Macbeth – Trailer und Kritik zum Film

Macbeth – Trailer und Kritik zum Film
Shakespeare im Film – das ergibt meist entweder verstaubte Kostümschinken oder bemüht buntes Pop(corn)kino. Der “Macbeth” des Australiers Justin Kurzel ist jedoch ein Ereignis: ein Gemälde aus Kerzenlicht und Nebelschwaden, Regen und Blut, Sprache und Emotion.

Die Hauptrollen spielen die grandiose schottische Landschaft und Michael Fassbender als mörderischer, machthungriger Aufsteiger.

Macbeth – Die Geschichte

Der mit dem jungen Kameramann Adam Arkapaw gedrehte Film, der am Freitag in den österreichischen Kinos anläuft, arbeitet mit Großaufnahmen menschlicher Gesichter, in denen sich Gier und Größenwahn ebenso abzeichnen wie Schmerz und Angst, mit Zeitlupen entsetzlicher Schlachtengetümmel, aber auch mit eindrucksvollen Impressionen der unwirtlichen, abweisenden Heidelandschaften und Hochländer.

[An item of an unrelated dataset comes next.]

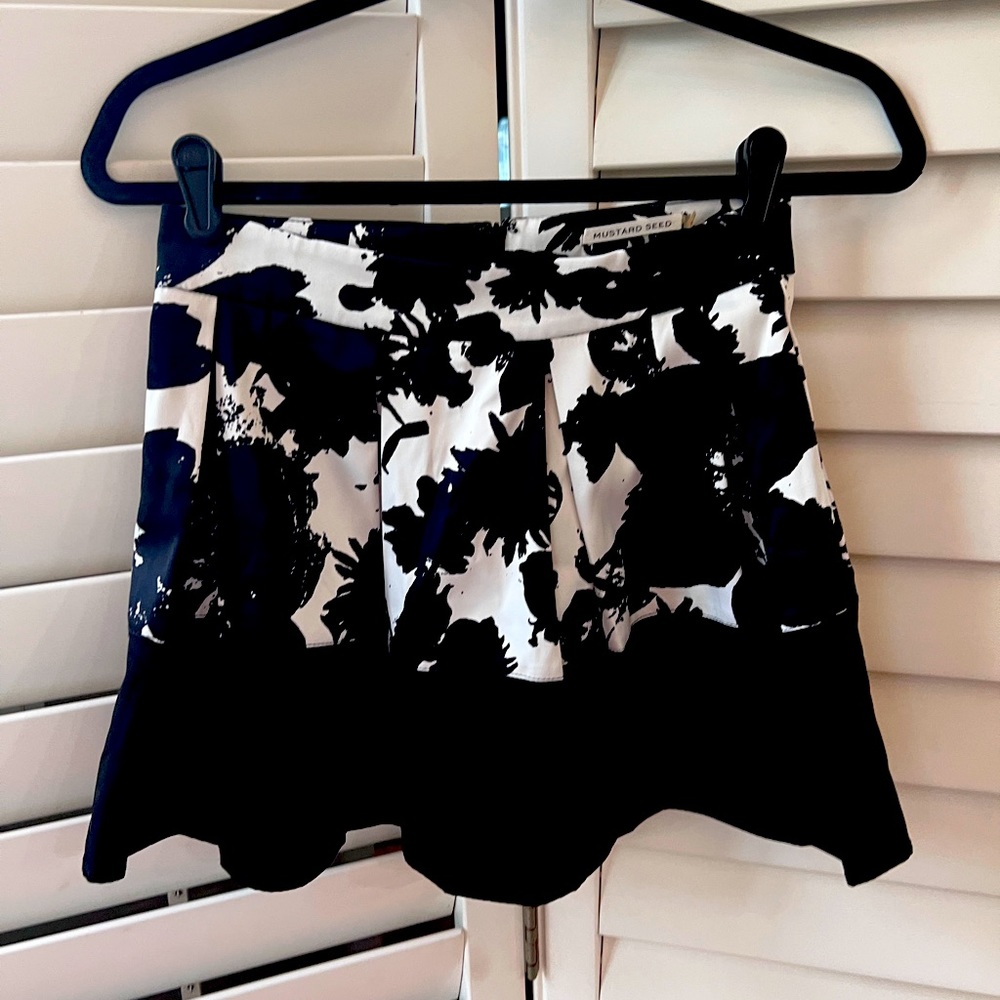 Juniors pleated miniskirt.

Die blutige Karriere des von seiner ehrgeizigen Frau (Marion Cotillard gibt dem beinharten Machtstreben ein weiches, freundliches Antlitz) getriebenen Heerführers ist auch eine Bewegung von armseligen Hütten und Zelten, in denen Wind und Wetter den Bewohnern zusetzen, hin zu den großen, gemauerten Burgen und Festungen, in denen es sich die Herrscher gut gehen lassen. “Macbeth” ist die Geschichte eines um jeden Preis angestrebten sozialen Aufstiegs.

Macbeth  – Die Kritik

Zwei Dinge sind an diesem außergewöhnlichen Film besonders hervorzuheben: der Umgang mit Shakespeares Sprache und mit jenen Zeichen, in denen das (un)menschliche Treiben eine übersinnliche Dimension erhält. Kurzel (“Snowtown”) lässt die Original-Verse sprechen, ohne dass es peinlich wirkt – im Gegenteil, das oft in Übergröße vor das Auge des Betrachters geholte Geschehen wird dadurch wieder auf Distanz gerückt, Blut in Poesie verwandelt. Dafür werden Erscheinungen wie die berühmten Hexen ohne Special-Effekt-Firlefanz ganz selbstverständlich in die Handlung integriert. Auch die Prophezeiung, erst wenn der Wald von Birnam nach Dunsinane käme, könne Macbeth geschlagen werden, wird ohne den üblichen Verkleidungs-Mummenschanz genial gelöst: Der Wald wird in Brand gesteckt, der Wind nimmt die brennenden Äste mit sich…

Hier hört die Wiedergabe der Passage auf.